Plei! How is the adorable Lilybean?? I say I lurk because I mostly just sit here reading, and not saying anything. Pathetic, I know.
I was however noting the other day when you posted pictures that your daughter has the most amazing large and beautiful eyes.
And what ita, and tommy, said. This whole big blackboard of equations that resolves to those tiny, unrelated letters. Just purty.
a PC way of living articulated by Lesbians
Huh. I'm a lesbian. Who knew?
Women who follow this life script based upon biology rather than a PC way of living articulated by Lesbians are more likely to have a successful family and a happy husband.
Yes, I'm sure it's just the misguided desire to be PC keeping all those Lesbians from having happy husbands...
I went and read the Salon letters, for I am weak. And now, also horrified. I'm thinking that the whole "editor" concept is kind of key to LTE -- otherwise, you have wanky blog comments instead.

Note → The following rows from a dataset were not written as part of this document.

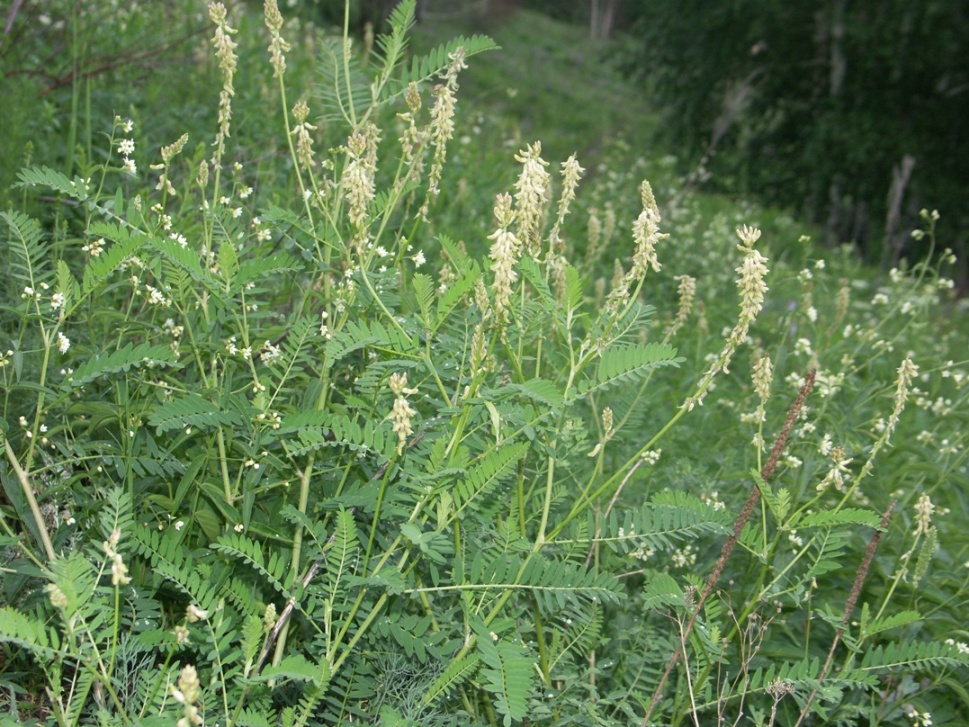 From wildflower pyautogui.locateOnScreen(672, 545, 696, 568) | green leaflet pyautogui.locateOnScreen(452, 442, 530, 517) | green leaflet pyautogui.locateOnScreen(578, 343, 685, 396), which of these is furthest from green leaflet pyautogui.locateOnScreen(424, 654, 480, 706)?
wildflower pyautogui.locateOnScreen(672, 545, 696, 568)

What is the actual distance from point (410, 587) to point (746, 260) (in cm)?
95

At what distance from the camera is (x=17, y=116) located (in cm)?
370

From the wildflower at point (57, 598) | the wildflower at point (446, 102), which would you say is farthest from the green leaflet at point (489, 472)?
the wildflower at point (57, 598)

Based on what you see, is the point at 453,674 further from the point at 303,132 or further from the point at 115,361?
the point at 303,132

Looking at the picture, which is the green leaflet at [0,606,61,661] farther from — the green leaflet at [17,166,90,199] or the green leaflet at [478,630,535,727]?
the green leaflet at [17,166,90,199]

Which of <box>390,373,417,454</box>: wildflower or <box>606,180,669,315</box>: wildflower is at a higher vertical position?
<box>606,180,669,315</box>: wildflower

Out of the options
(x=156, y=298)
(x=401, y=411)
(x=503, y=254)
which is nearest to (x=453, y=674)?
(x=401, y=411)

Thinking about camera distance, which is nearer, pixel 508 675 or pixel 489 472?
pixel 508 675

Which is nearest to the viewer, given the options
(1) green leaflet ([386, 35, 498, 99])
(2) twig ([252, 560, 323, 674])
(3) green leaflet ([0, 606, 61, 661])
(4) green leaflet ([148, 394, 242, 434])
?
(3) green leaflet ([0, 606, 61, 661])

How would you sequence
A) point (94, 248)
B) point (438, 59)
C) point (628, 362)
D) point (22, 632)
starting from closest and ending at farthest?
point (22, 632) < point (628, 362) < point (438, 59) < point (94, 248)

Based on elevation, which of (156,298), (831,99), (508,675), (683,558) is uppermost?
(831,99)

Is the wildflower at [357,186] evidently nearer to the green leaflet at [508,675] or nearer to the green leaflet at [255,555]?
the green leaflet at [255,555]

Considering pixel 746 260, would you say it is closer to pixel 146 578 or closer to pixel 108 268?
pixel 108 268

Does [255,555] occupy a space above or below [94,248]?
below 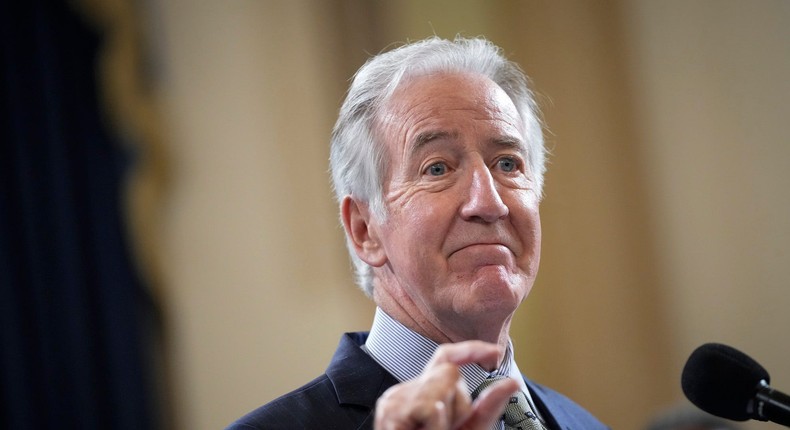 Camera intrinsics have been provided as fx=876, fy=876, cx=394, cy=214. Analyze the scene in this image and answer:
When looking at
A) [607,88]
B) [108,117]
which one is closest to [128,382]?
[108,117]

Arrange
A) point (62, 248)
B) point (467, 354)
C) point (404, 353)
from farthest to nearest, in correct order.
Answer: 1. point (62, 248)
2. point (404, 353)
3. point (467, 354)

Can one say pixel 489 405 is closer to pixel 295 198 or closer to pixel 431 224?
pixel 431 224

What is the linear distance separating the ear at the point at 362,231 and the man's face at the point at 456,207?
0.03 metres

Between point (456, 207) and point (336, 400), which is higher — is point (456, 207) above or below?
above

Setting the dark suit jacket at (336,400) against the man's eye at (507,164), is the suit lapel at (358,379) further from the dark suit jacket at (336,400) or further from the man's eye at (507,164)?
the man's eye at (507,164)

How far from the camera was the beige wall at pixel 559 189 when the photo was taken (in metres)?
3.96

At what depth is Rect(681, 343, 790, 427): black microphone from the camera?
4.95 ft

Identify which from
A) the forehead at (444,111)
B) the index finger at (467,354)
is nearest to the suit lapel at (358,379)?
the forehead at (444,111)

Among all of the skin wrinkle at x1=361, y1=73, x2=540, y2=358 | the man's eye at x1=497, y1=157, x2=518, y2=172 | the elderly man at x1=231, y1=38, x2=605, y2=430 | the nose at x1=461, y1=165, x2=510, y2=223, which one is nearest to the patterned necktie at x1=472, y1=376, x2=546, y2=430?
the elderly man at x1=231, y1=38, x2=605, y2=430

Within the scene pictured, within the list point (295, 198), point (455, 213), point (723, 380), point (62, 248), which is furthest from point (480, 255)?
point (295, 198)

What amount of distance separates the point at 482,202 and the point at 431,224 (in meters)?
0.13

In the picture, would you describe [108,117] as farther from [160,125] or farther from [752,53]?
[752,53]

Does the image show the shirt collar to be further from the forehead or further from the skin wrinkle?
the forehead

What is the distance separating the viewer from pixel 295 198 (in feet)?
13.6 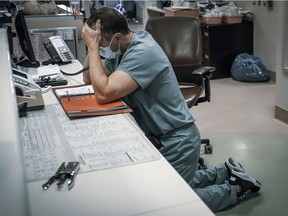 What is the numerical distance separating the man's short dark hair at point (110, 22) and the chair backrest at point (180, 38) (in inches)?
50.4

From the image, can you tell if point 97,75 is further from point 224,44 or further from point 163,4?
point 163,4

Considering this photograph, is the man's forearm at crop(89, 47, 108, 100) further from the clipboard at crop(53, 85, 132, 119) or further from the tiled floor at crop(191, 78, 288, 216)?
the tiled floor at crop(191, 78, 288, 216)

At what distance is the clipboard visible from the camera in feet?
6.21

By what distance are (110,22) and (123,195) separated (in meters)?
0.98

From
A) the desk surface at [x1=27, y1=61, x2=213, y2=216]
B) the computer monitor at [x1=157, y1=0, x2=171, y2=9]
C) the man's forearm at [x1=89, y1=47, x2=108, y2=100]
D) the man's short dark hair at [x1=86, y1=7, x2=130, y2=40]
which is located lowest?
the desk surface at [x1=27, y1=61, x2=213, y2=216]

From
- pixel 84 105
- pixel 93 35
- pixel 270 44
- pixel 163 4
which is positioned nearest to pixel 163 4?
pixel 163 4

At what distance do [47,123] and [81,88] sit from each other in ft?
1.72

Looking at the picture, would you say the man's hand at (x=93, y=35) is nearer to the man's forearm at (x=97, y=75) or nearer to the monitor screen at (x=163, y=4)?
the man's forearm at (x=97, y=75)

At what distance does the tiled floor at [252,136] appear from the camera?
2.48 meters

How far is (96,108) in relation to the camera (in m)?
1.95

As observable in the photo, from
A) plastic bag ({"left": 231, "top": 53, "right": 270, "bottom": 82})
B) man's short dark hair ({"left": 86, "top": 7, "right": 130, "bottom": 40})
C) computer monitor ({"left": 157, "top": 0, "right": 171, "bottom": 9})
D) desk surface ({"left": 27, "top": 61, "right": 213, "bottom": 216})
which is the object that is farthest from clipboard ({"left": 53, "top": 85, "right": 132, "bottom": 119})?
computer monitor ({"left": 157, "top": 0, "right": 171, "bottom": 9})

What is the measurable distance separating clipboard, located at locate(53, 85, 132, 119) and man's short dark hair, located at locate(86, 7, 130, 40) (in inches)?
12.6

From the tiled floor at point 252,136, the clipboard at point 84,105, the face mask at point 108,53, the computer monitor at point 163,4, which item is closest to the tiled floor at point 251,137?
the tiled floor at point 252,136

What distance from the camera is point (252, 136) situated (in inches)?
135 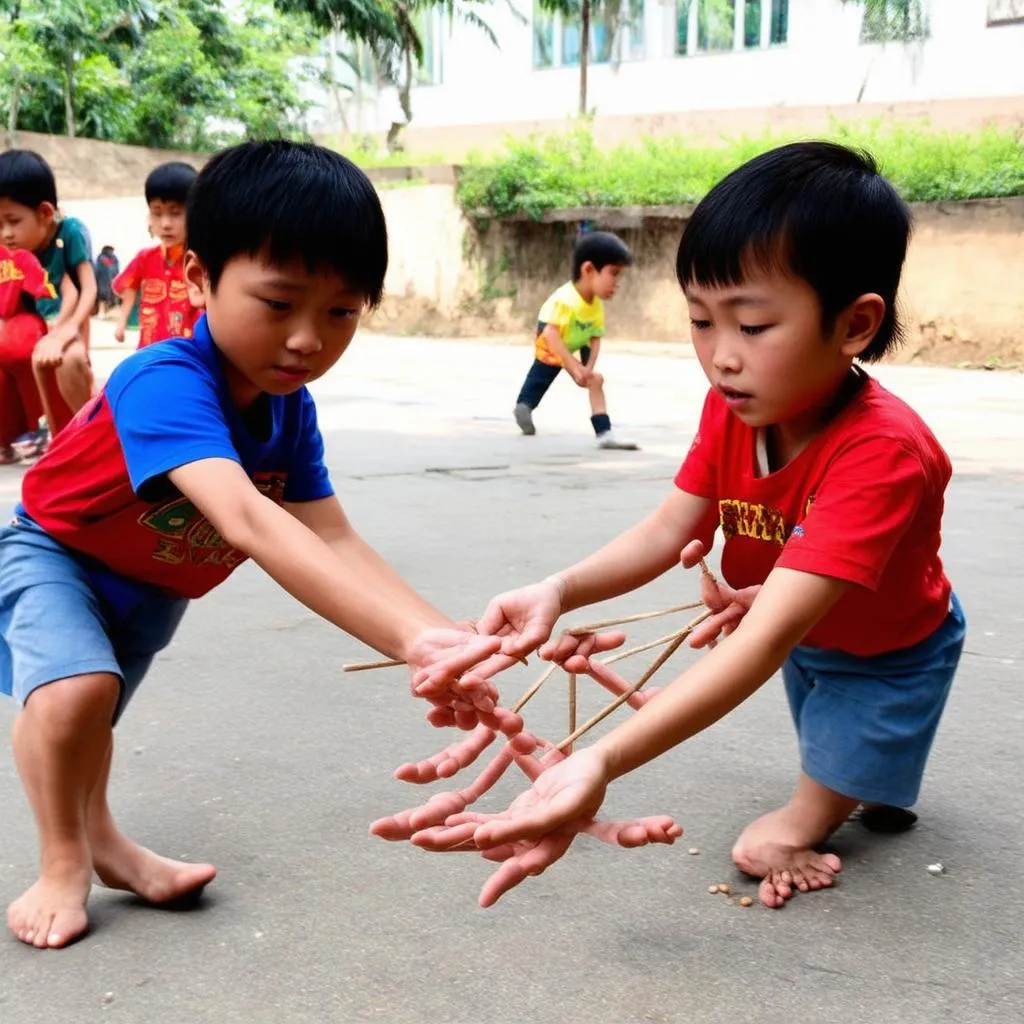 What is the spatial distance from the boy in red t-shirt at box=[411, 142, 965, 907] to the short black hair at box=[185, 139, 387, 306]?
447 mm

In more fun news (really!), my math ran out of steam in the 3rd semester of calc. I still had that beautiful eureka thing going with all the concepts at that point, but my lifelong habit of never doing the homework finally caught up with me. I never got to the more advanced stuff -- which I agree is all about the beautiful and the visual and the patterns and stuff just FITS, damn it, and not about the numbers much at all -- except as a bystander, and I still dream of grasping topology.

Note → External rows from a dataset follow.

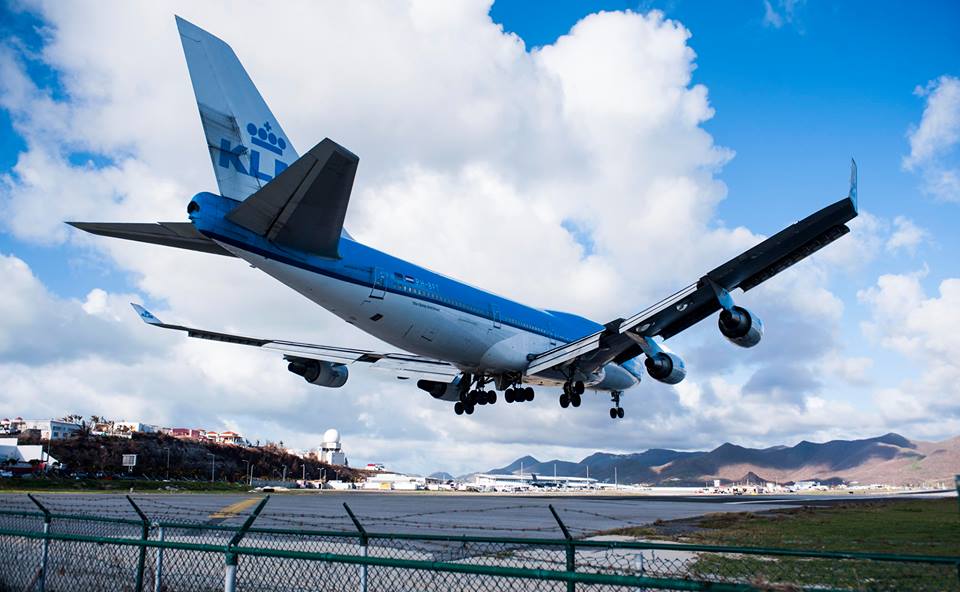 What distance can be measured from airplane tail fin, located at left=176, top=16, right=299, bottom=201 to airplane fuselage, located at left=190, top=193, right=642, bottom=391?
6.98 ft

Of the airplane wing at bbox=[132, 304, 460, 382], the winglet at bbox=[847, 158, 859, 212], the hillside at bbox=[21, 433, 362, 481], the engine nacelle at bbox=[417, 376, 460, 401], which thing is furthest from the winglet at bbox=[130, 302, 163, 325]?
the hillside at bbox=[21, 433, 362, 481]

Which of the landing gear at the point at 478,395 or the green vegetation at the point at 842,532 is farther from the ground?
the landing gear at the point at 478,395

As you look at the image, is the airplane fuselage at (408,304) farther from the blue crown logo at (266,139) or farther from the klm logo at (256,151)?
the blue crown logo at (266,139)

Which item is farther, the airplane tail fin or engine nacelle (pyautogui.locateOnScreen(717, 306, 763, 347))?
engine nacelle (pyautogui.locateOnScreen(717, 306, 763, 347))

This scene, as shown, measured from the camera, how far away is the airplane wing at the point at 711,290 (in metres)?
19.7

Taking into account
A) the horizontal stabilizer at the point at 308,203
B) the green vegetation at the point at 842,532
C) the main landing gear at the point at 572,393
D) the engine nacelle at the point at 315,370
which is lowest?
the green vegetation at the point at 842,532

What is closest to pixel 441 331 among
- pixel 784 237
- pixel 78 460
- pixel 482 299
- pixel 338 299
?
pixel 482 299

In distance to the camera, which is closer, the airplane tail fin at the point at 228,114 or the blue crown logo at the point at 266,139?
the airplane tail fin at the point at 228,114

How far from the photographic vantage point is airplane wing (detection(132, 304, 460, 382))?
76.4 ft

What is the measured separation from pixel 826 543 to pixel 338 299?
1373 centimetres

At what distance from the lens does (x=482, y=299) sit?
25.8m

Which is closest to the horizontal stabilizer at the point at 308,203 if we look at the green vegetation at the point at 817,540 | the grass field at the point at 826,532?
the grass field at the point at 826,532

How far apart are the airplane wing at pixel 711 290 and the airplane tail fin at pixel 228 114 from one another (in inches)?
463

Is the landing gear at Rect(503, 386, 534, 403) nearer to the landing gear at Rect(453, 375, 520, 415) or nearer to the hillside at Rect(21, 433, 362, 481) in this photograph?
the landing gear at Rect(453, 375, 520, 415) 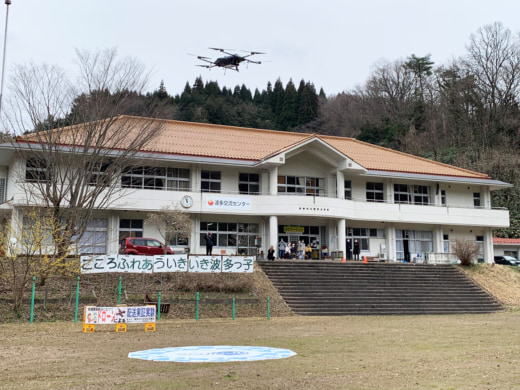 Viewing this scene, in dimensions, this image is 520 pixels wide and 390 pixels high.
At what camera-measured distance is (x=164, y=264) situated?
23.8 meters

My obligatory math rant, though, is about alg2/trig/pre-calc. It's incredibly telling, and really typical of much wider populations than here, that so many people have posted that they liked algebra and geometry and then tanked. Those are clear and well-defined and graspable things, with some real joy to them. So is calculus. But the educational biz has a bunch of other stuff that they have to stick in there somewhere before you get back to the fun stuff, and they long ago settled on doing it in the form of a couple years' force-feeding of rote memorization and looking up stuff in tables (for lo, I am of the pre-yes you can use a calculator in school generation) and assorted crap that's not really obviously related to anything else you do before or after. And unless you're one of the ones who's wired to go on with it (in which case you're going to endure all the crap anyway), it falls at just the time where they say "you're done with your high school requirements, so you don't really need to do this any more (and we'll just do you a huge disservice by ignoring the fact that it's gonna really suck to try to pick this up again when you have to do it in college when you're a year or two out of practice, for the math, she is like a muscle that can atrophy), and, well, I guess you're just
not a math person."
And so it's no wonder so many people burn out at exactly that point.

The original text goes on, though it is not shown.